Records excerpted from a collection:
#####
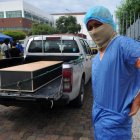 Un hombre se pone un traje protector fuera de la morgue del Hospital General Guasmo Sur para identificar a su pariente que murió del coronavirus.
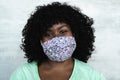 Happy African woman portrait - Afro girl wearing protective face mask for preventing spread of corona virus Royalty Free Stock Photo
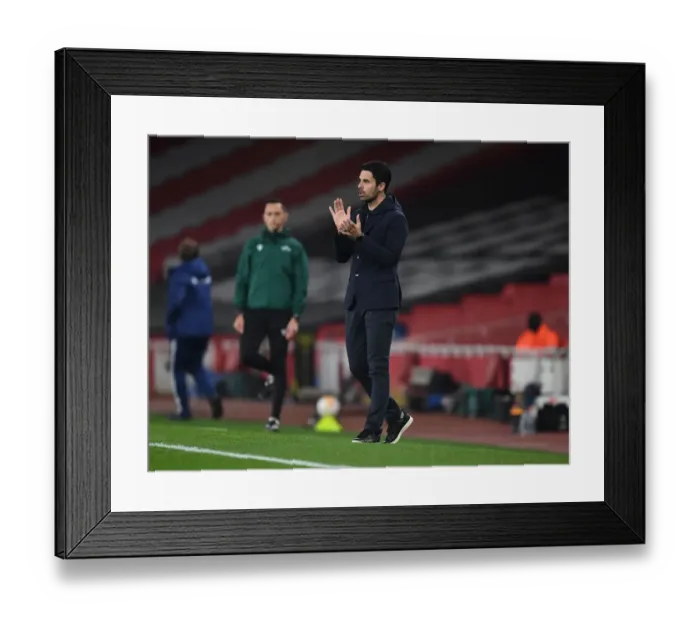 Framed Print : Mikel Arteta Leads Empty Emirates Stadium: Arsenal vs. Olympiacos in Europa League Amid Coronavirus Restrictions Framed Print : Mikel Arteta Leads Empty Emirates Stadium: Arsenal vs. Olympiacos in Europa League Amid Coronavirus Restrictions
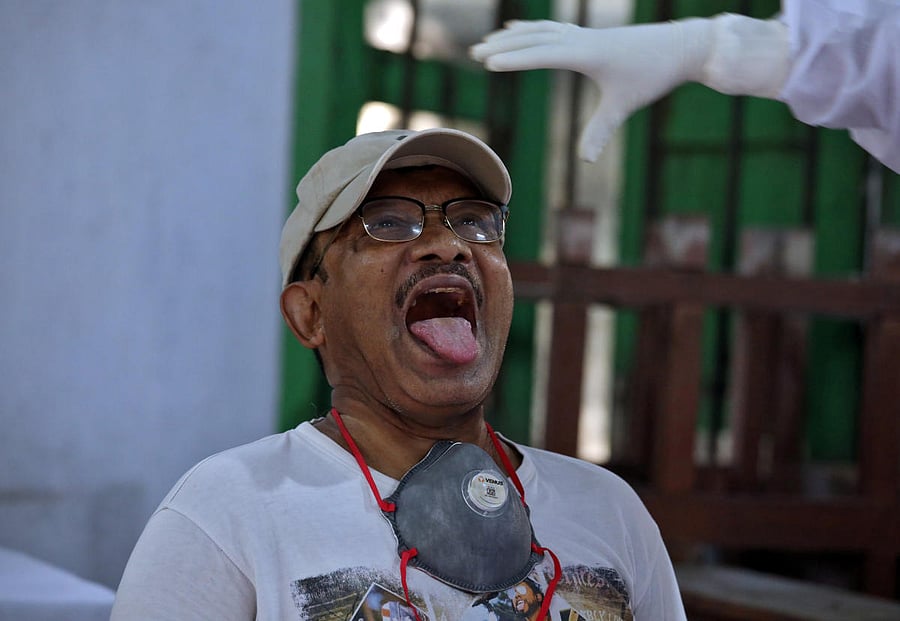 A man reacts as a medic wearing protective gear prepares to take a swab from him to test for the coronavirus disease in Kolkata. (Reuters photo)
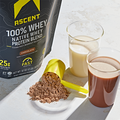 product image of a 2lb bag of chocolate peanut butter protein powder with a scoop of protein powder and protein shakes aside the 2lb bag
#####
What this task involves:
Beginning with the line above that has "Coronavirus Restrictions Framed" and going on through the line that has "A man reacts", retype every line exactly and add nothing else; drop the pictures.

Output of the exercise:
 Framed Print : Mikel Arteta Leads Empty Emirates Stadium: Arsenal vs. Olympiacos in Europa League Amid Coronavirus Restrictions Framed Print : Mikel Arteta Leads Empty Emirates Stadium: Arsenal vs. Olympiacos in Europa League Amid Coronavirus Restrictions
 A man reacts as a medic wearing protective gear prepares to take a swab from him to test for the coronavirus disease in Kolkata. (Reuters photo)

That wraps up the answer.